The user's impression of the performance of an application is greatly affected by its responsiveness. Putting the user interface into a separate thread from any other work makes the application feel far more responsive to the user and ensures that an unexpectedly long operation doesn't freeze the application's screen.
This user-interface thread is quite important in applets, where it is simple to use the screen-update thread to execute other tasks because you can easily call code from the paint( ) method. Although more effort is required to spawn a thread to execute other tasks, it is much better to do so, as otherwise you can easily block repainting the screen or other GUI responses. In Figure 10-1, the clock on the left has been resized to a quarter of its original size, but the paint( ) method has been unable to resize the clock drawing, as the paint( ) method is busy keeping the correct time. The clock on the right has been resized to a wide rectangular shape, and it keeps perfect time while also responding to the resize request because its paint( ) method always completes quickly.
If you are able to separate operations that slow processing (such as I/O) into specialized threads, your application will run more smoothly. It can carry on its main work while another thread anticipates the need for data, saves data to disk, etc. However, you should not pass work to another thread while your main thread just sits and waits until that other thread completes. In fact, doing this is likely to hurt performance rather than improve it. You should not use extra threads unless you have good design or performance reasons for doing so.
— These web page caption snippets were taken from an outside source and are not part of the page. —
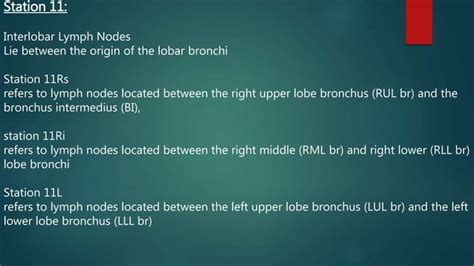 Radiological Anatomy Of Thoracic Lymph Nodes Ppt
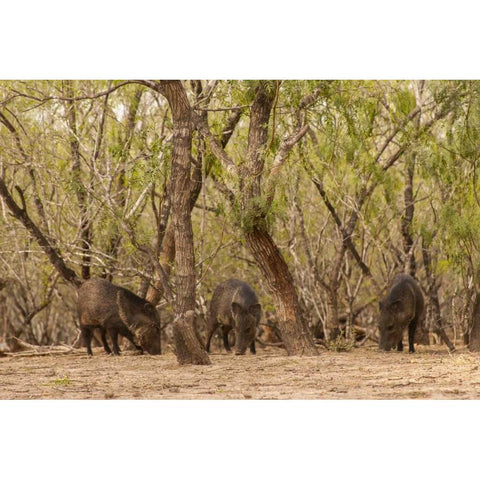 TX, Hidalgo Co, Three javelinas amid trees Gold Ornate Wood Framed Art Print with Double Matting by Illg, Cathy and Gordon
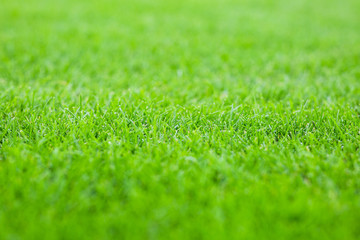 mowed lawn in a sports stadium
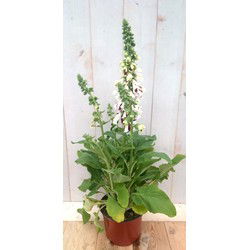 2 stuks - Vingerhoedskruid wit 40 cm Warentuin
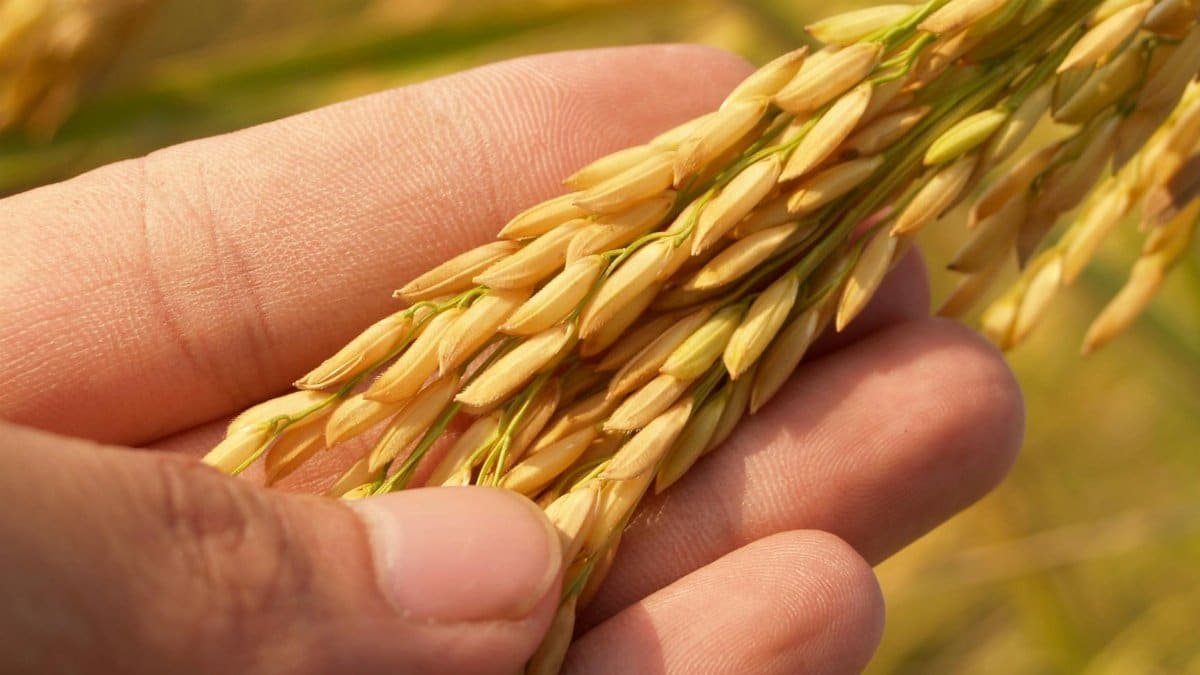 Detailed image of a hand gently cradling ripe rice grains, symbolizing harvest and agriculture.
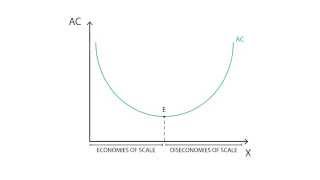 C5 Economies of scale  Cost  Microeconomics [upl. by Airahs395]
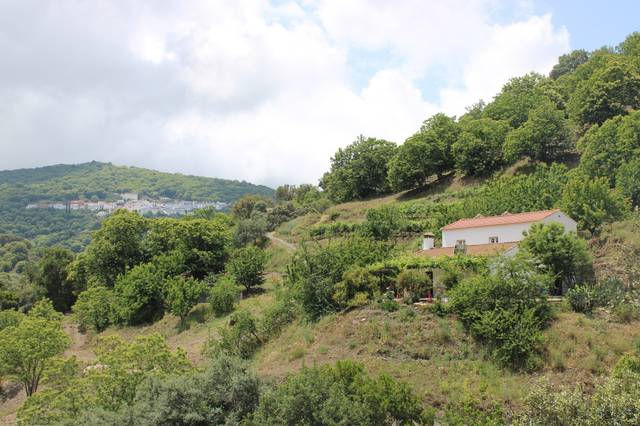 Casa-chalet en Venta en Cartajima, Vale Genal Alto  en Cartajima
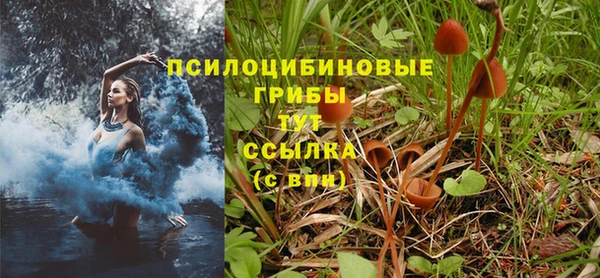 кокаин колумбия Дмитровск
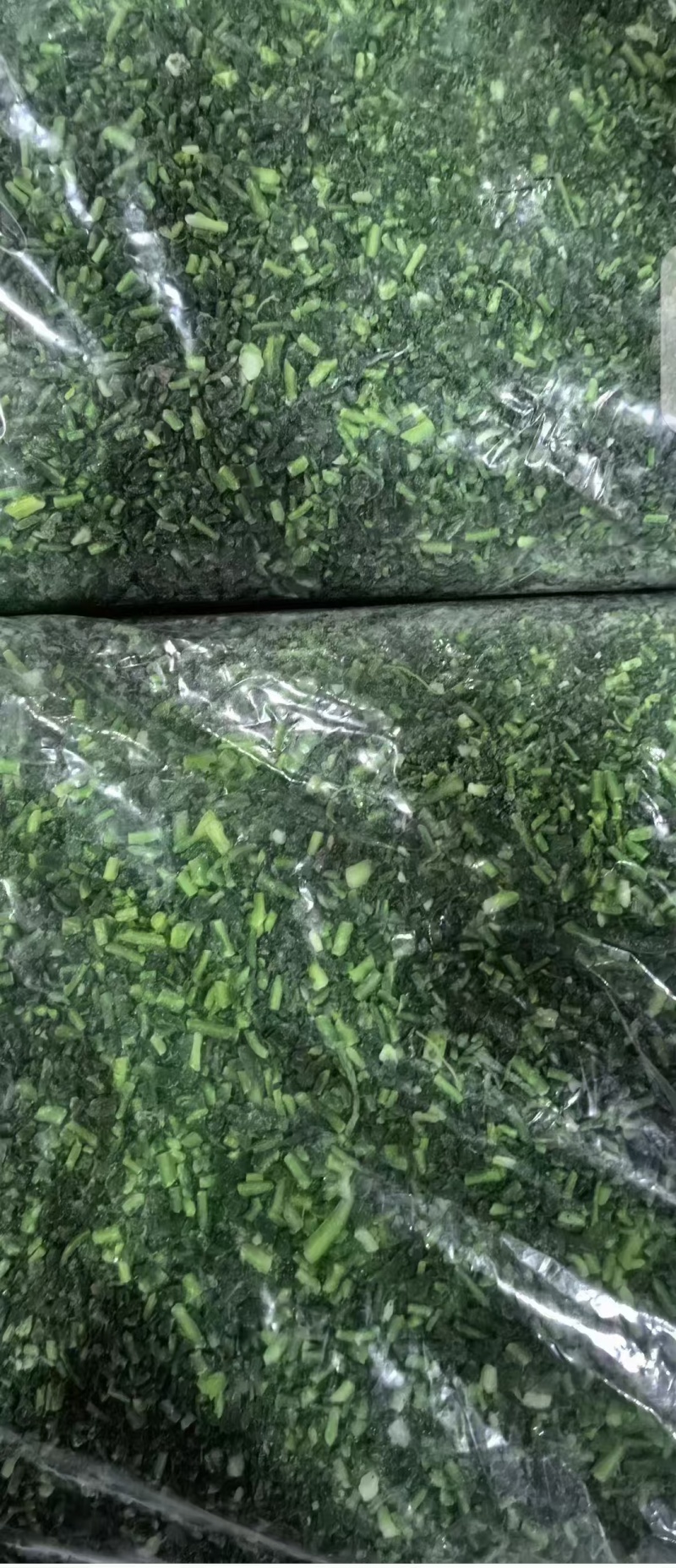 速冻荠菜，精品荠菜，东台荠菜，野生荠菜，野生荠菜。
One useful technique is to use a separate thread to monitor the rest of the application and, when necessary, interrupt threads that are running beyond their expected execution time. This is more often a technique that ensures robustness, but it can apply to performance, too, when a calculation provides successively better approximations to the required result. It may be reasonable to interrupt the calculation after a certain length of time, assuming you have a good approximation calculated. This technique does not specifically require a supervising thread, as the timeout checking could be done within the calculation. It is often used in animation; the frame-display rate can be adjusted according to the time taken to display the frames, which in turn depends on picture resolution and the system environment.
All in all, using multiple threads needs careful consideration, and should be planned for in the design stage. Retrofitting an application to use threads at an intermediate or advanced stage can sometimes be done quite simply in some sections of the application, but is not usually possible throughout the application. In any case, care should be taken when changing the design to use more threads so that the problems illustrated in the next sections are avoided.